Large plumes of smoke billowed into the sky as two of the bridges collapsed and Lebanese troops blocked traffic.

South of Beirut, the Israelis targeted the coastal suburb of Uzai, near Beirut international airport, for the first time in their massive campaign by air, land and sea.

Meanwhile, in southern Lebanon Israeli air strikes on two villages flattened houses, burying 57 people in the rubble, Lebanese security officials and the country's official news agency reported.

Israel denied attacking the villages.

Lebanon's National News Agency reported that Israeli airstrikes flattened a building in Aita al-Shaab, 2 km inside Lebanon.

A large number of civilians were inside at the time, but the exact number was unknown, it said.

It also said warplanes hit Taibeh, about 5 km from the Israeli border, destroying a house where 17 people had taken refuge.

Police said seven people were killed and 10 others wounded in the strike in Taibeh.

But Israeli army spokesman Capt. Jacob Dallal said the Israeli air force had not hit the two areas.

“The air force had no targets in those villages," he said.

The Lebanese government says more than 900 of its civilians have died. The three civilian and three soldier deaths in Israel brought official Israeli casualties to 44 soldiers and 30 civilians killed since the Jewish state launched its offensive in Lebanon on July 12.

Israel claimed to have killed more than 200 Hezbollah fighters, but the militia has admitted to only about 40 losses.

Tel Aviv braces

Further down the Mediterranean coast, authorities in Israel's commercial capital Tel Aviv began preparing bomb shelters, with rockets such as those fired at Hadera getting closer by the day.

"The Islamic Resistance bombarded the town of Hadera, which is 75 kilometres from the Lebanese frontier, with a salvo of Khaibar-1 rockets," Hezbollah's Al-Manar television station said.

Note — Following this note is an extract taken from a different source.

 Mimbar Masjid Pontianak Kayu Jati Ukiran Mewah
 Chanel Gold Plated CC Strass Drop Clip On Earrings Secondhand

The Khaibar-1 has a much greater range and bigger warhead than the Katyusha rockets usually fired by Hezbollah.

A statement from the Islamic Resistance said the strike was "a response to the Zionist aggressions that have hit different parts of Lebanon, in particular certain distant regions, and the barbaric massacre of civilians near Qaa."

Tel Aviv, a city of 1.5 million people, lies 100 km from the Lebanese border, out of range of the Katyusha and Fajr-3 rockets which Hezbollah has fired daily into northern Israel.

Israeli public television quoted a senior military official as saying the army would destroy all Lebanese infrastructure if Hezbollah carried out its threat.

Israeli warplanes have already wrecked much of that infrastructure – the government of Lebanese Premier Fuad Siniora estimates damage so far at more than US$2.5 billion.

Push into southern Lebanon

Israeli Prime Minister Ehud Olmert has said Israel would pursue its drive against Hezbollah in south Lebanon until an international force of some 15,000 combat-ready troops was deployed there.

On Thursday, Israeli Defence Minister Amir Peretz's spokesman said the army had been ordered to prepare to take control of southern Lebanon.

In Tel Aviv, an army spokeswoman said Israeli ground troops were operating around 20 border villages in a bid to push Hezbollah fighters further north.

Interior Minister Roni Bar-On said the Israeli military now controls a strip of land up to 8 km deep in southern Lebanon, adding that the ground operation involved "six regiments" or around 10,000 troops.

At least four civilians were buried alive under the rubble of their house in the village of Aita al-Shaab -- on the Lebanon-Israel border but behind Israel's frontline -- after it was hit by an Israeli air strike, police said.

But the main thrust of Israeli operations on Friday morning was from the air.